तिळगूळ घ्या गोड बोला।।
Makar Sankrant is just around the corner. It marks end of winter solstice. It is believed that the Sun starts moving towards Northern Hemisphere on this day by length of one sesame seed! This is the only festival in India is celebrated by Solar calendar, all others are celebrated according to Lunar calendar. It is celebrated all over India. It is called Sankrant in most of Northern India and as Pongal in Southern India.
It is winter time in India in January so Sesame seeds are used in abundance. It is believed that people should eat more healthy oils during winter time to fight cold weather. Jaggery produces heat and believed to be better for health if eaten during wintertime.

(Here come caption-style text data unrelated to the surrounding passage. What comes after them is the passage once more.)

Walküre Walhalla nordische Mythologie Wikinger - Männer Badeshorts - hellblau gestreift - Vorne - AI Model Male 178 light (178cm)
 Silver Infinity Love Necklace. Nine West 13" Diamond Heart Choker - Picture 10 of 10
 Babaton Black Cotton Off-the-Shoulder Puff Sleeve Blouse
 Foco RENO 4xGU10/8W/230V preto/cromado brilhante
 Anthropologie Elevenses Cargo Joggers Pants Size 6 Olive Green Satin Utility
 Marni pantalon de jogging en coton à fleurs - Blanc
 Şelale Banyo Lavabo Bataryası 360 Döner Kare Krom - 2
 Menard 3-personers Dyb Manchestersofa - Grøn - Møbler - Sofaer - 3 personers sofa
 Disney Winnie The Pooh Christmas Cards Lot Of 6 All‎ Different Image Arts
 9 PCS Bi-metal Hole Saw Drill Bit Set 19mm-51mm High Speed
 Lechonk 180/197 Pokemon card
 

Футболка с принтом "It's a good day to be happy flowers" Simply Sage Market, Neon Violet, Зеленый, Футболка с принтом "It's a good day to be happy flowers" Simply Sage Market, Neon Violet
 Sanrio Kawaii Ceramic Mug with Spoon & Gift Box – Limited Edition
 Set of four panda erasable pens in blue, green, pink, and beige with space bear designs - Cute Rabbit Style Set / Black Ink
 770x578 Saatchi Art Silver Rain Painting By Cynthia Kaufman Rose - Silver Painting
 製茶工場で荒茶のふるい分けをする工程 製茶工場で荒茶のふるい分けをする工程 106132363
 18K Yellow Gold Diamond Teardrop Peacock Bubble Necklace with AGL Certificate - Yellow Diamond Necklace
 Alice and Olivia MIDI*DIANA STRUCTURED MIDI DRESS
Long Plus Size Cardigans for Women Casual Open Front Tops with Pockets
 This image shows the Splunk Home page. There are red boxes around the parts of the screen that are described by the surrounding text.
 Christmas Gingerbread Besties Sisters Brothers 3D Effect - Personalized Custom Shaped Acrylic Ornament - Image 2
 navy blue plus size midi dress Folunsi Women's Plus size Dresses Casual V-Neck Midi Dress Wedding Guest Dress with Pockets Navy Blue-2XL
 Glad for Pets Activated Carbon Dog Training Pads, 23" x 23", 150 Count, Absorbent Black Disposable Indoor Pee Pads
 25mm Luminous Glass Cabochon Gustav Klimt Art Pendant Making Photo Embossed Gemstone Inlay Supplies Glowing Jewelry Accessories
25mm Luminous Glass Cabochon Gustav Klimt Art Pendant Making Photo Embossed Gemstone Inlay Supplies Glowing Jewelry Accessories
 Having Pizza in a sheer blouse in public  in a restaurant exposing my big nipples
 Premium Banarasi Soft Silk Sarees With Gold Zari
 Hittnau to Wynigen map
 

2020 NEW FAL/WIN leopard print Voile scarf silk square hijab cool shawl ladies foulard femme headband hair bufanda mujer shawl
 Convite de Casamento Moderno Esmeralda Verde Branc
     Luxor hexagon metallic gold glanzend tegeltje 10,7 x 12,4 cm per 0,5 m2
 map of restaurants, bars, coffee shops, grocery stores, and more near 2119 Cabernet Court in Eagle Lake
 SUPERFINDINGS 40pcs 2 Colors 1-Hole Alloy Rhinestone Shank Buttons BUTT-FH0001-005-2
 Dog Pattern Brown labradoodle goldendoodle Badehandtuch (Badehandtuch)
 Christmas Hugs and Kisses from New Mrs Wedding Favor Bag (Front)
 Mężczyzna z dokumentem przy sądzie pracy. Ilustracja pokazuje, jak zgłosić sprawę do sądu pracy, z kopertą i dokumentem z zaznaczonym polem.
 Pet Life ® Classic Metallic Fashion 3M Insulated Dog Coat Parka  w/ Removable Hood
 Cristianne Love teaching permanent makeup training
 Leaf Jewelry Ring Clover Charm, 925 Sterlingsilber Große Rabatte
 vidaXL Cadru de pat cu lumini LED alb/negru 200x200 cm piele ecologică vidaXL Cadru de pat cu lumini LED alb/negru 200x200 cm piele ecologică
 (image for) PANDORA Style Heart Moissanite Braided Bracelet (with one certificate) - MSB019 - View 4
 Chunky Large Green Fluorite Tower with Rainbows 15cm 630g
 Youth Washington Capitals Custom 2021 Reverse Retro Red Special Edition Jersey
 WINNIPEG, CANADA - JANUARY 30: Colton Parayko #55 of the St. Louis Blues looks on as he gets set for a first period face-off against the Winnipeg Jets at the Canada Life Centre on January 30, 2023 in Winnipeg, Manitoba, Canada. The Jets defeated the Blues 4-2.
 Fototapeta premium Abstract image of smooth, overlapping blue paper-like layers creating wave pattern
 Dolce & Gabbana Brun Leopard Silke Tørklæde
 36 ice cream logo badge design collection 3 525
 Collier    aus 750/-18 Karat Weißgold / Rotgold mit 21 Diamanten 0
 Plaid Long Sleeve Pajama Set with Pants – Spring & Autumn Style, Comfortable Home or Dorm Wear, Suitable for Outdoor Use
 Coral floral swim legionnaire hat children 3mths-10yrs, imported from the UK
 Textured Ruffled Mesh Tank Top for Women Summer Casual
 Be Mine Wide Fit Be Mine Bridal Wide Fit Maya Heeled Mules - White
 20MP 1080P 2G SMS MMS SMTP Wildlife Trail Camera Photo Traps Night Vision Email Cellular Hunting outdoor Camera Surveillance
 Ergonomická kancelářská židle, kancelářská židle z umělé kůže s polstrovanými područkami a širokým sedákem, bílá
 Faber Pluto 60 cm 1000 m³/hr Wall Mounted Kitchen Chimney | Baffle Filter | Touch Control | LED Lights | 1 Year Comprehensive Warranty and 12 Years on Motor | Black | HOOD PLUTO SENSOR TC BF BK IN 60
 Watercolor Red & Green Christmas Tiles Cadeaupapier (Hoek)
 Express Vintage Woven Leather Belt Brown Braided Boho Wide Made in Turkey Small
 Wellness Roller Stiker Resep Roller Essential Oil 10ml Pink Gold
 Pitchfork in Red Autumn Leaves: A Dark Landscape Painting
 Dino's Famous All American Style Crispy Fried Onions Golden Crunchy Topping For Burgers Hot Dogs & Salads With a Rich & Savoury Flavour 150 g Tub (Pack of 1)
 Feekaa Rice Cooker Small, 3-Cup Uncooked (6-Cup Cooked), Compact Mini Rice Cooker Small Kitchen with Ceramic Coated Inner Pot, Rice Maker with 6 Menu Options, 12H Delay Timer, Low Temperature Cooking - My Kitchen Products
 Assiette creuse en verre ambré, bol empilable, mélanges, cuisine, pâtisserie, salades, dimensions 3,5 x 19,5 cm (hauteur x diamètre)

Making chikki or brittle is easy but can be tricky. It needs little patience to make it crispy and not chewy. Here is my mom's recipe which she learned from my grandmother (her mother-in-law). My mom makes the best chikkis ever! I learnt to make these from her when I was in college. And easiest available ingredients to practice were churmure/kurmure (puffed rice) or roasted peanuts. And growing up in a sugarcane capital of Maharashtra helped because we always had organic jaggery in abundance at home!
Here is how my mom makes chikki -
1 cup Sesame Seeds
1/2 cup Roasted Peanut Powder (coarsely ground)
1 cup Grated Jaggery
3-4 Cardamom Pods
2-3 tbsp Graded Dry Coconut
2 tbsp Walnut Oil / Ghee (divided use)
Pick over sesame seeds and dry roast them on low heat. Seeds will plump up once they are roasted properly. Do not let the seeds burn. Set it aside once roasted.
Grease stainless steel plate (10-12" diameter) and a flat bottom stainless steel bowl with little ghee or walnut oil).
Add jaggery in a heavy bottom pan, add about 2 tbsp water.
Start heating jaggery water mixture on low-medium heat. Do not increase heat as it will burn jaggery quickly and color of the final product will be darker.
Soon the syrup will start boiling (4-5 minutes), keep stirring to avoid burning the jaggery. Syrup will start bubbling. Take 1/2 cup water in a separate bowl and drop single small drop of syrup in the water. Move the drop in water to cool it. Now see if that has become hard like candy. You can try chewing it. If the ball does not stick to your teeth and is crunchy then syrup is ready. If it is chewy then keep stirring on low heat for couple more minutes and taste for the crunchiness by adding another drop in water bowl.
Once syrup is ready add 1 tbsp ghee or walnut oil and mix quickly. Remove the pan from heat then add roasted sesame seeds, peanut powder and dry coconut and quickly mix everything. It will form a ball, quickly pour that in greased plate and flatten with back of a greased bowl. You have to work quickly as jaggery will start cooling off quickly making it hard to work with.
Once the surface is flat and the thickness is even then using sharp knife cut into diamond shapes without going through the brittle.
Let it cool completely (3--40 minutes) and then make the pieces on the scorched lines. Enjoy!
They last for more then 15-20 days if stored in a airtight container.
Here is collage of steps -
- The process sounds tedious and lengthy but start to finish it takes maximum 30 minutes.
- Making the candy consistency of jaggery is the key. Do not rush through that step.
- I usually make it in a non-stick pan and at the end of the process my pan is clean as it it was never used.
- I cover my large cutting board with aluminum foil and grease that and a rolling pin with walnut oil. And roll it quickly to make thin (1/4 centimeter) brittle.
- I have never used candy thermometer to make these, if you use it, please drop a line about that process.